By Dr. Ron O’Brien
Eight-Time Olympic Coach
The origin of fancy diving goes as far back as the 17th century in connection with the great gymnastic movement in Germany and Sweden. In the summertime, gymnasts moved their equipment to the beaches, and acrobatics over the water became a part of their activities. Diving, then, is more related to gymnastics than to swimming. However, since swimming and diving both use a water medium, they have naturally become linked.
Platform diving (33 feet high) achieved international notice in the 1904 Olympic Games in St. Louis when it was included as an event in the men’s swimming program. Springboard diving was added for the 1908 Games in London. Women’s diving was slower to evolve. It was not until 1912 that plain high diving was included in the Olympics, and in 1920, the first women’s springboard contest was conducted. Fancy high diving for women reached international acclaim in 1928.

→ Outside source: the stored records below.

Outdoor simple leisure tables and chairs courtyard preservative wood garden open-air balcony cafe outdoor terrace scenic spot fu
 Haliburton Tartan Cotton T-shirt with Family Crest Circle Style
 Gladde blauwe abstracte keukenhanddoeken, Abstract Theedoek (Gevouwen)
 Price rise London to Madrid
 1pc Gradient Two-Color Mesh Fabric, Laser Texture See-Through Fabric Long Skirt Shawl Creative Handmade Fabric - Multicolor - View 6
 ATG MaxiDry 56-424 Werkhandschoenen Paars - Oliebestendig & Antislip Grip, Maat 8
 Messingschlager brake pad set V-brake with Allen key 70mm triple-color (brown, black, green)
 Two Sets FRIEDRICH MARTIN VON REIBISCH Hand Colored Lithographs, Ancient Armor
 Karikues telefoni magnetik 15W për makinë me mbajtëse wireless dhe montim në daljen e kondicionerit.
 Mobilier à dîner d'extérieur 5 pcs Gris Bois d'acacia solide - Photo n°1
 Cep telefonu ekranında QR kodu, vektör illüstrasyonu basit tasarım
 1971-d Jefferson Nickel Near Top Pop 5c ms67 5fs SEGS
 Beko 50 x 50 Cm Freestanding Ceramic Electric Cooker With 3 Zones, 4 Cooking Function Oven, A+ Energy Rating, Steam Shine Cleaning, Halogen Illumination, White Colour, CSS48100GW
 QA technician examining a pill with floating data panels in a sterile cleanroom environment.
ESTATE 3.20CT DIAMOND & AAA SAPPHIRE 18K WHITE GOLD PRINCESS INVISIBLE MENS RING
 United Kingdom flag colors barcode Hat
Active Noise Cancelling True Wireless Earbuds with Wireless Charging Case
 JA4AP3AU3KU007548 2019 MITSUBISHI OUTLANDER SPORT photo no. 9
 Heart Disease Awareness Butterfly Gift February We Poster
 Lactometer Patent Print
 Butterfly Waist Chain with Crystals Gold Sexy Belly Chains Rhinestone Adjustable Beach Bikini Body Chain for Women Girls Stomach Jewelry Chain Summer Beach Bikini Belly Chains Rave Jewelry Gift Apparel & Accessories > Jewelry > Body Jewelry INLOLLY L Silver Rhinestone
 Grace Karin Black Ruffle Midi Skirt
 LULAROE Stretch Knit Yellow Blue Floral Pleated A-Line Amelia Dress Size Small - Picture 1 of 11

Germany and Sweden dominated the early competition. It wasn’t until 1920 that the United States reached worldwide prominence in diving by winning three of the gold medals in the Olympics (men’s and women’s springboard and men’s platform events). It was the beginning of a victorious era for the diving in the United States, which has won 47 Olympic gold medals in diving.
Two men have been most important in the development of U.S. diving supremacy. Ernst Bransten, who is called the “father of diving in the United States,” came to this country from Sweden shortly before the 1920s.
Bransten brought with him a vast knowledge of the fundamentals of the sport, along with some revolutionary ideas for developing divers. Among his many contributions was the construction of a “sand pit”—a diving board mounted over sand. This apparatus allows the diver to practice many of the movement patterns of diving, especially the approach and takeoff, more efficiently.
But Mike Peppe, the swimming and diving coach at Ohio State University from 1931 to 1963, did more to promote and develop diving in this country than any other man. By maintaining a strong squad of divers on his collegiate swimming teams and treating diving and swimming with equal importance, Peppe encouraged other schools to emphasize diving in order to compete with his teams evenly.
Peppe’s influence on college programs has resulted in improved facilities for diving, increased practice time, greater respect for the sport, and the birth of a new type of coach—the diving coach. It’s for this reason that many refer to him as “the father of collegiate diving in the United States.”
Since 1904, Olympic diving has changed in leaps and bounds and continues to rapidly progress. The early days of 14 platform and 20 springboard dives have evolved into endless possibilities of twists and somersaults. While a double somersault from the platform was considered dangerous in 1904, today’s divers are completing flawless reverse four and a half somersaults with ease. Those who suggest that today’s diving performance has reached its peak need only look at the past. As new divers take to the springboards and platforms, new breakthroughs in diving often follow.